Most healthcare systems implicitly sort people. The sick receive treatment. The well receive wellness services. Those pursuing performance receive optimization. The pyramid in this framework collapses that hierarchy. Every person has a version of peak capacity — defined entirely by what matters to them, not by an external standard. The person who wants to walk comfortably through a morning and the person training for an endurance event are in the same framework. The bar is self-defined. The access to support is not conditional on the height of the bar.
The pyramid has three layers. They are sequential in development — each layer builds on the last — but a patient may work across multiple layers simultaneously, and the transition between them is gradual rather than abrupt. What changes across the layers is not the clinical goal but the patient's relationship to that goal: who is directing the work, how much the patient understands their own system, and how independently they can maintain what they have built.
Base layer — foundational care
This is where the arc of care framework operates. The patient has experienced a breakdown in function — acute injury, chronic condition, systemic dysregulation — and requires clinical support to stabilize, repair, and restore baseline capacity.
This is the "you are not too far gone" layer. Many patients arrive here having already tried other approaches, having been dismissed or undertreated, having lost confidence in their own capacity to recover. The clinical work at this layer is both technical and relational — restoring function and restoring the patient's belief that restoration is possible carry equal weight. A technically excellent intervention delivered to a patient who has stopped believing they can recover is a technically excellent intervention working at a fraction of its potential.
The provider's role at this layer is most directive. The patient's job is to receive care and to begin observing — through the triad and through the early evidence of change — that something is different here. The endpoint of foundational care is not treatment completion. It is sufficient restoration of function and self-trust to begin the transition to the middle layer.
Middle layer — guided self-care
The middle layer is the largest section of the pyramid and the most underserved in conventional healthcare. It is not self-care in the sense of "go home and manage it yourself." It is coached, supported, increasingly independent self-governance — the structured process by which the patient develops genuine knowledge of their own system.
The central work of this layer is learning one's constitution: how the individual responds to stress, what restores them, what depletes them, how they recover, and what patterns predict their response to various inputs. This is not generic health literacy. It is specific self-knowledge — the patient learning their own system with the same rigor a practitioner brings to observing a patient, but turned inward.
The provider's role shifts at this layer from directive to facilitative. The patient is not following instructions — they are developing a self-model.
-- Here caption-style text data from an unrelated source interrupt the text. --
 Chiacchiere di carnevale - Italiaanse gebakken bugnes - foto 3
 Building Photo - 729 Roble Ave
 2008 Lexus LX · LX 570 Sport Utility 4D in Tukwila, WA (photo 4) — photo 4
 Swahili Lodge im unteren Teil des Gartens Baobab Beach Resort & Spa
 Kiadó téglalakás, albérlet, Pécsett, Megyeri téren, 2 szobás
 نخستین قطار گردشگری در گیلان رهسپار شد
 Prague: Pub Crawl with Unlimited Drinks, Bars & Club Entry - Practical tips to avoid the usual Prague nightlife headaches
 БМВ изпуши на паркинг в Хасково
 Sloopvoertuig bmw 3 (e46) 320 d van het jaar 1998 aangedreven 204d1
The provider offers frameworks, surfaces patterns the patient may not yet see, and supports the building of the self-knowledge that makes Stage 3 of the arc sustainable. The patient is doing more of the work. The provider is increasingly in the background.
The middle layer is where most patients in the current system are left without support. After acute care resolves the immediate condition, they are sent home to manage a recovery they do not yet have the self-knowledge to sustain. The recurrence rate reflects this gap directly.
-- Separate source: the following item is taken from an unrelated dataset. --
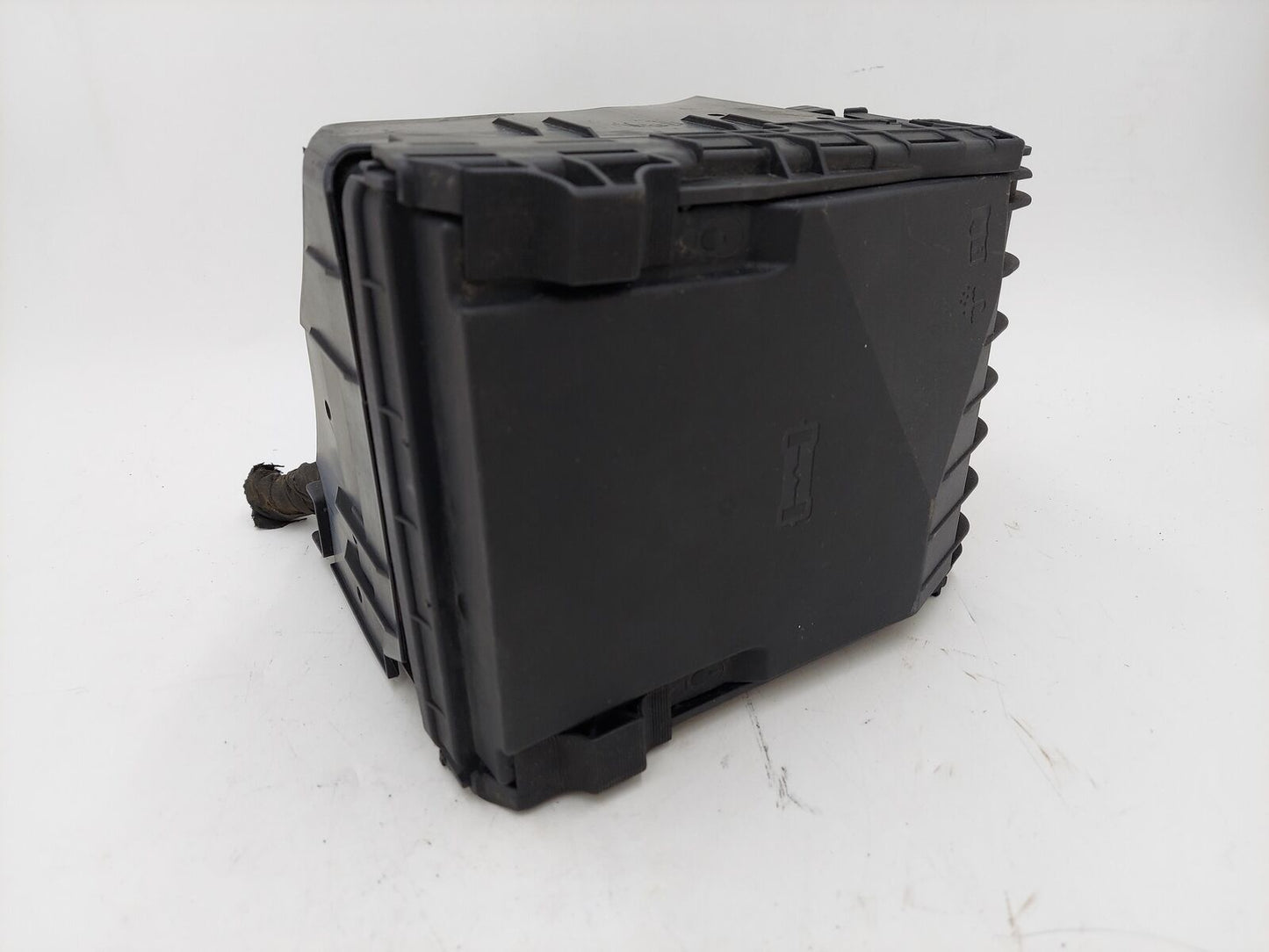 09-11 Vw Tiguan Engine Fuse Box Engine Compartment 1K0937629A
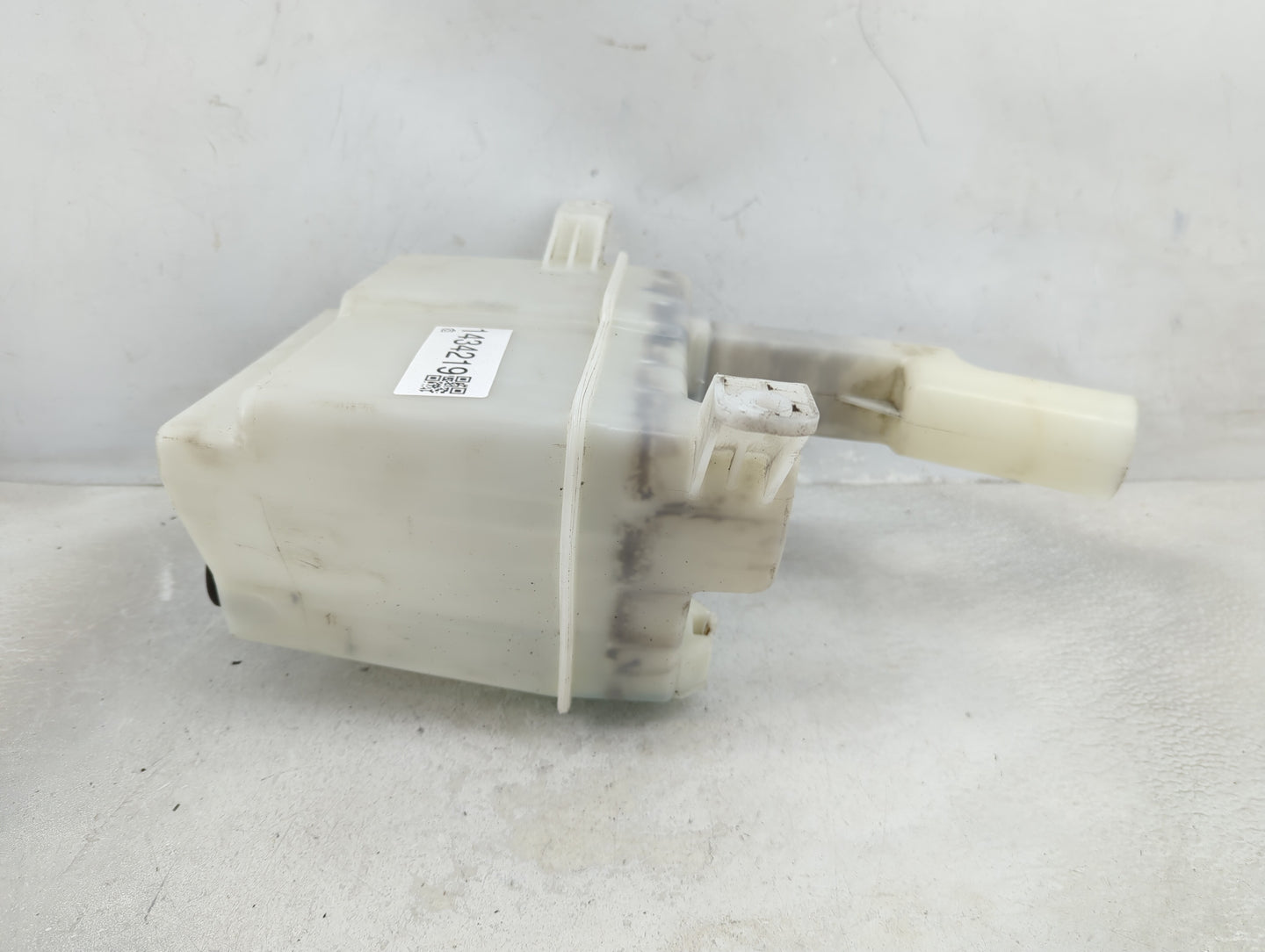 2007-2012 Hyundai Veracruz Windshield Washer Fluid Reservoir Bottle Oem - Oemusedautoparts1.com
Top layer — optimized capacity
The top layer is refined, intentional application toward a chosen experience. The patient has sufficient self-knowledge and functional capacity to pursue something specific — whatever that something is for them. Preparing for a physical challenge. Managing a sustained high-demand period without systemic breakdown. Being present enough, rested enough, and stable enough to enjoy daily life without managing symptoms. The definition belongs entirely to the patient.
The provider's role at the top layer is consultative. The patient is largely self-governing. They bring specific questions and targeted goals. The clinical support applies constitutional knowledge, triad assessment, and arc-of-care precision toward something the patient has already defined. The provider is not directing the arc — they are supporting an arc the patient is running.
The provider's obligation across the pyramid
The provider's role changes significantly across the three layers — directive at the base, facilitative in the middle, consultative at the top. What does not change is the underlying obligation: to facilitate the arc that enables the patient to reach the capacity they are seeking, without imposing the provider's expectations about what that capacity should look like or how it should be expressed.
A provider who sees the patient's potential clearly and cannot resist steering it toward their own definition of what that potential means is a provider who has substituted their endpoint for the patient's. The endpoint belongs to the patient. The provider's job is to help them reach it.
This is not passive. Seeing someone's potential clearly and holding that vision steady across the slow middle of the arc — when the patient cannot see it themselves — is one of the most demanding things the integrative model asks of a provider. It is also one of the most important.
The Stress/Diet/Sleep triad is not a layer in the pyramid — it is the dynamic assessment instrument that operates across all three layers continuously. Diagnostic at the base. Reflective in the middle. Predictive at the top. Its value compounds as the patient's self-knowledge develops.